Dan Newlon is program director for economic science at the U.S. National Science Foundation, where his job is to select directions for investment in research.
Henry H. Perritt, Jr., is a professor of law and vice provost at the Illinois Institute of Technology and director of the Center for Law and Financial Markets at Chicago-Kent College of Law.
Jerome Reiter is a professor at the Institute of Statistics and Decision Sciences at Duke University. He has worked with the U.S. Census Bureau and recently joined the Digital Government Project of the National Institute of Statistical Sciences.
Trivellore Raghunathan is a research professor at the Institute for Social Research and professor of biostatistics, both at the University of Michigan.
Richard C. Rockwell (panel member) is a professor of sociology at the University of Connecticut.
Sandra Rowland recently retired from the U.S. Census Bureau, where she was the Internet data dissemination system team leader. Among other duties, she managed the advance query interactive web system.
John Rust is a professor of economics at the University of Maryland, with major research interests in numerical dynamic programming and retirement behavior.

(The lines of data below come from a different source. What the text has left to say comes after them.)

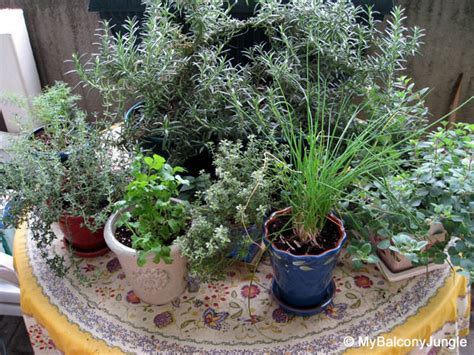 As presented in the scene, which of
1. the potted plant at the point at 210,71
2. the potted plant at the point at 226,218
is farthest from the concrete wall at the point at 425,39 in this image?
the potted plant at the point at 226,218

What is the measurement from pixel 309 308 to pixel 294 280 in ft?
0.31

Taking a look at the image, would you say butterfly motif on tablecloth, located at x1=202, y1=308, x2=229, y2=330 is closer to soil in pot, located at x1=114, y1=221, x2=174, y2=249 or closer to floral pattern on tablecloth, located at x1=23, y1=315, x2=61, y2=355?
soil in pot, located at x1=114, y1=221, x2=174, y2=249

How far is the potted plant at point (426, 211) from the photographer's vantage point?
31.3 inches

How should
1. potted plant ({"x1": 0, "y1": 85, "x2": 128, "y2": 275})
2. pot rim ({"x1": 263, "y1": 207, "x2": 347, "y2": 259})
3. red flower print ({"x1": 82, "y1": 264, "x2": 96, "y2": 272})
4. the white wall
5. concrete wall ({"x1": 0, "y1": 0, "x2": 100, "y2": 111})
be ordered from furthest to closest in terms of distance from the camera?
concrete wall ({"x1": 0, "y1": 0, "x2": 100, "y2": 111})
the white wall
red flower print ({"x1": 82, "y1": 264, "x2": 96, "y2": 272})
potted plant ({"x1": 0, "y1": 85, "x2": 128, "y2": 275})
pot rim ({"x1": 263, "y1": 207, "x2": 347, "y2": 259})

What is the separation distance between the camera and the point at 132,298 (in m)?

Marilyn Seastrom is chief statistician and program director for the Statistical Standards Program at the National Center for Education Statistics, U.S. Department of Education. She has written extensively on data access, licensing, and confidentiality issues.
William Seltzer is a senior research scholar at the Institute for Social Research of the Department of Sociology and Anthropology at Fordham University.
Eleanor Singer (panel chair) is a research professor at the Survey Research Center of the Institute for Social Research at the University of Michigan. Her research focuses on motivation for survey participation and has touched on many of the important issues in survey methodology, such as informed consent, incentives, interviewer effects, and nonresponse bias.
Richard Suzman is associate director for Behavioral and Social Research at the National Institute on Aging (NIA). Suzman developed NIA’s Economics of Aging program, one of the first of its kind to look at socioeconomic factors and health.
Katherine Wallman is chief statistician at the U.S. Office of Management and Budget. She is responsible for overseeing and coordinating federal statistical policies, standards, and programs; developing and fostering long-term improvements in federal statistical activities; and representing the federal government in international organizations.
Candice Wright is an analyst at the U.S. Office of Management and Budget. She recently completed her M.S. in public policy from Carnegie Mellon University and holds a B.S. in management from Bentley College. Her current interests include data privacy and information security.